» **What you are asked to do**:
All of the data that follows is to be written out exactly, with images excluded.

---------- Records for this task ----------

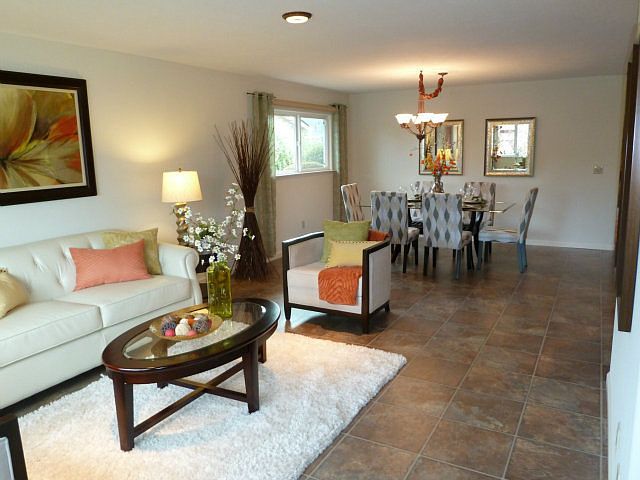 4624 Winding Way photo 2
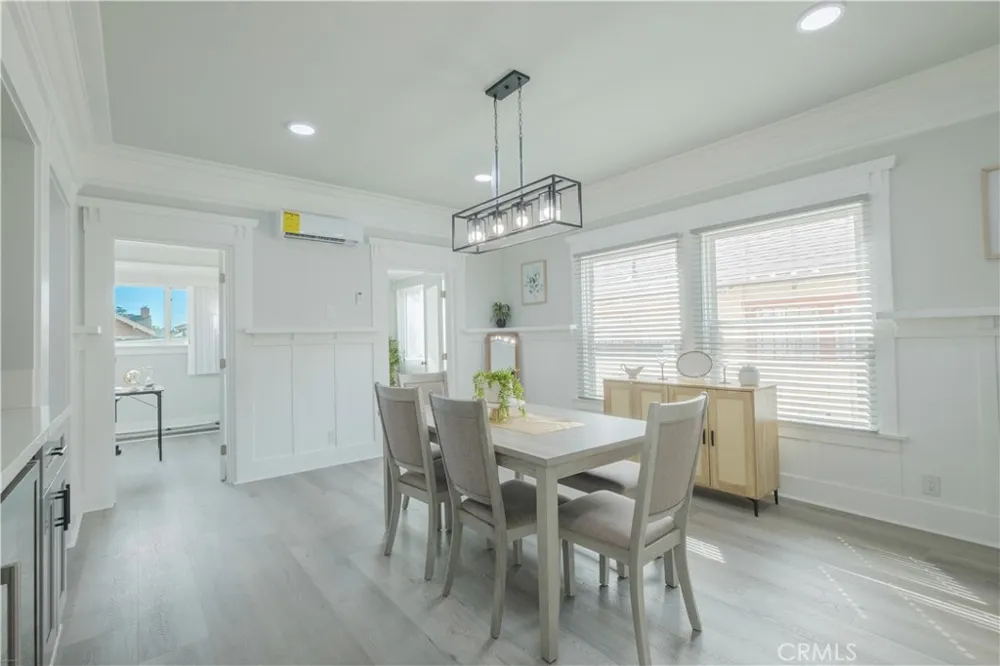 1758 W 41st Los Angeles, CA 90062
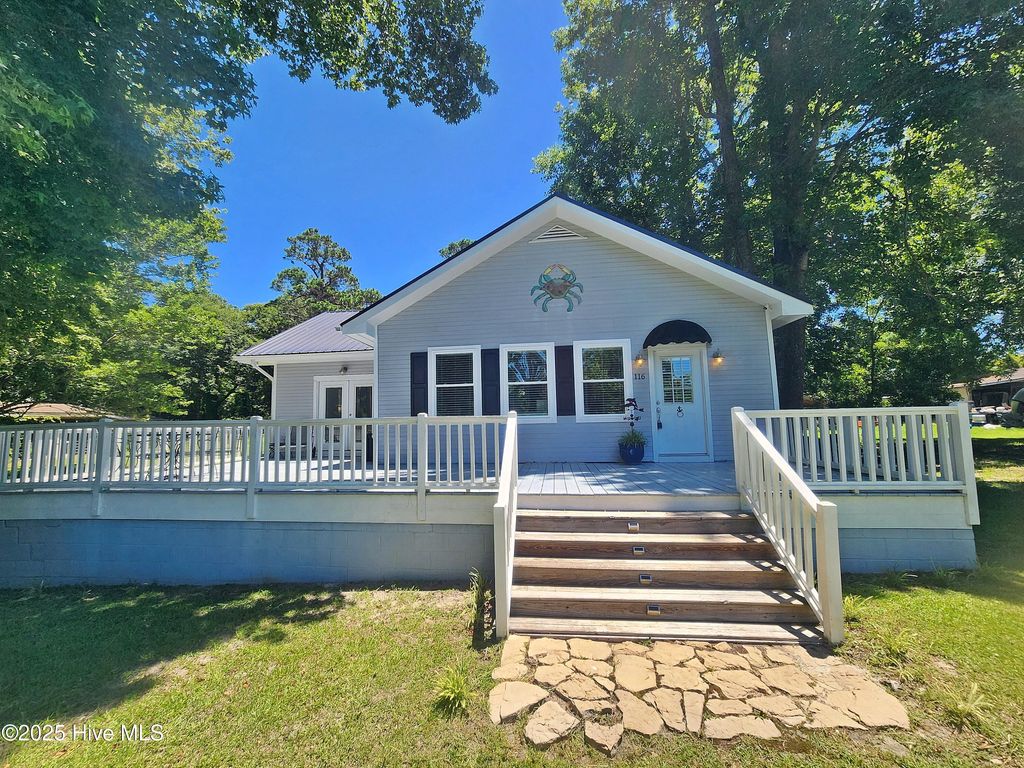 Photo of 116 Vernelle Court, Sneads Ferry, NC 28460 (MLS # 100516715)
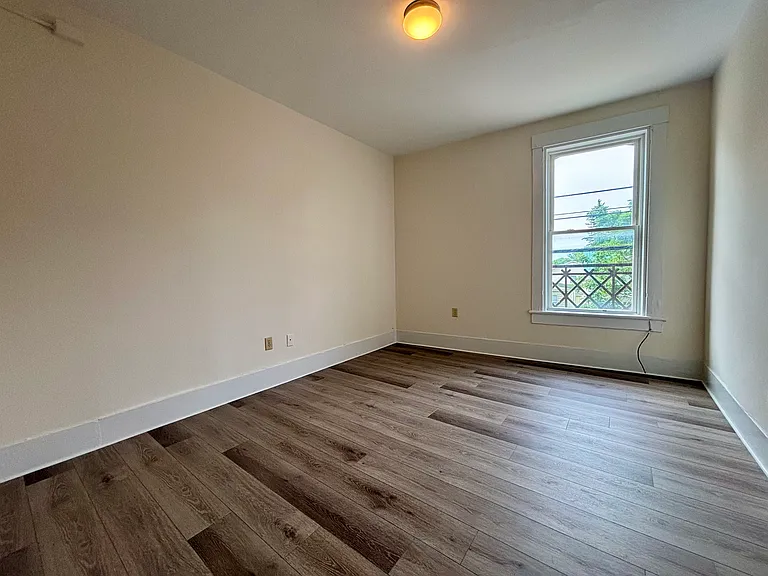 225 Lake St #2C — Photo 6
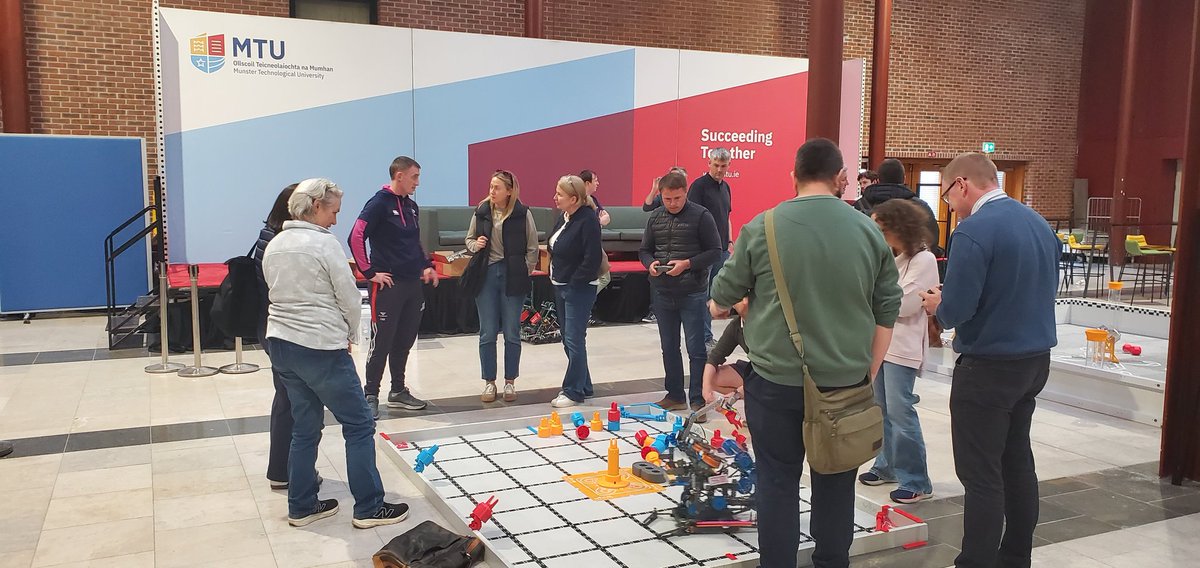 DavidFHodge's tweet image. Had a good evening @MTU_ie launching VEX IQ &amp;amp;  VEX V5 games for the 25/26 season. Who will be heading to the VEX worlds in St Louis in 2026???? @hugh_mcglynn @MTUResearchIRL @Dell  @VEXRoboticsIE @AntBayle33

----------

» **Written reply**:
 4624 Winding Way photo 2
 1758 W 41st Los Angeles, CA 90062
 Photo of 116 Vernelle Court, Sneads Ferry, NC 28460 (MLS # 100516715)
 225 Lake St #2C — Photo 6
 DavidFHodge's tweet image. Had a good evening @MTU_ie launching VEX IQ &amp;amp;  VEX V5 games for the 25/26 season. Who will be heading to the VEX worlds in St Louis in 2026???? @hugh_mcglynn @MTUResearchIRL @Dell  @VEXRoboticsIE @AntBayle33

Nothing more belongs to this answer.